# [Data extract]
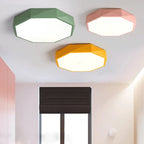 Flush Ceiling Light Dimmable Integrated LED Acrylic Diffuser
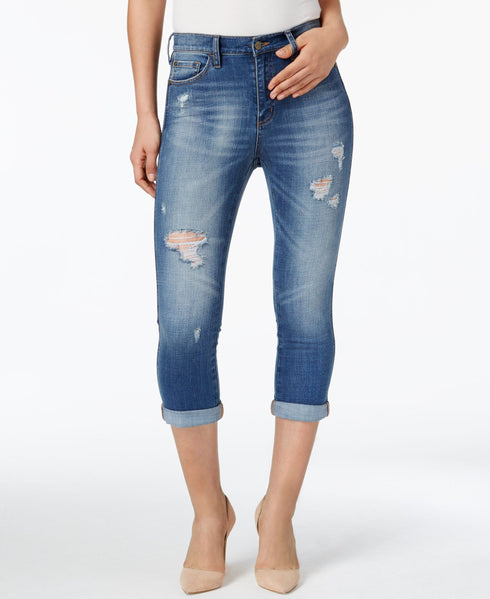 Buffalo David Bitton Cuffed Jeans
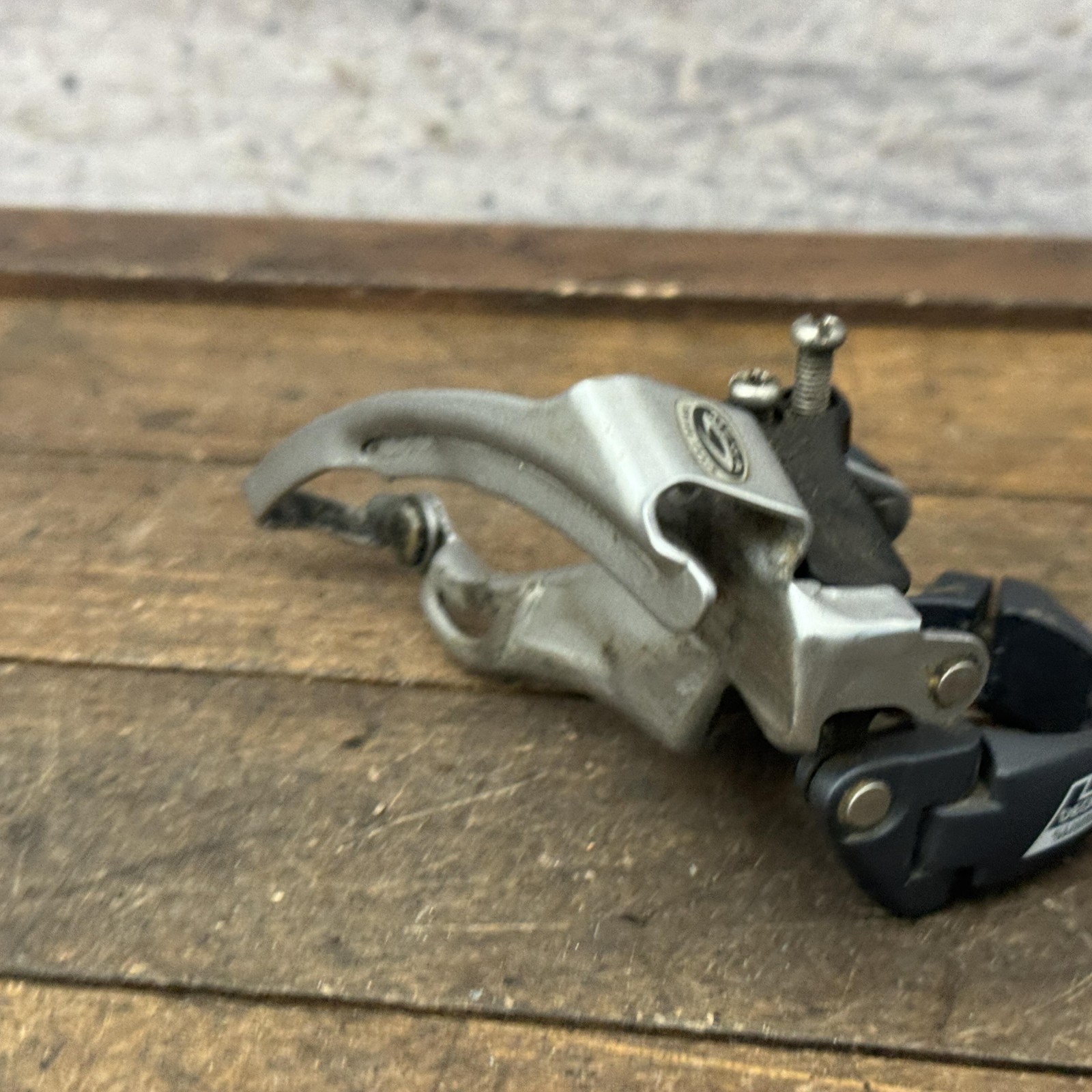 Shimano Deore LX Front Derailleur Clamp On 31.8 Triple Bottom Pull Japan 120g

# [Exercise aim]
Return the material above exactly; the images stay out.

# [Solution]
 Flush Ceiling Light Dimmable Integrated LED Acrylic Diffuser
 Buffalo David Bitton Cuffed Jeans
 Shimano Deore LX Front Derailleur Clamp On 31.8 Triple Bottom Pull Japan 120g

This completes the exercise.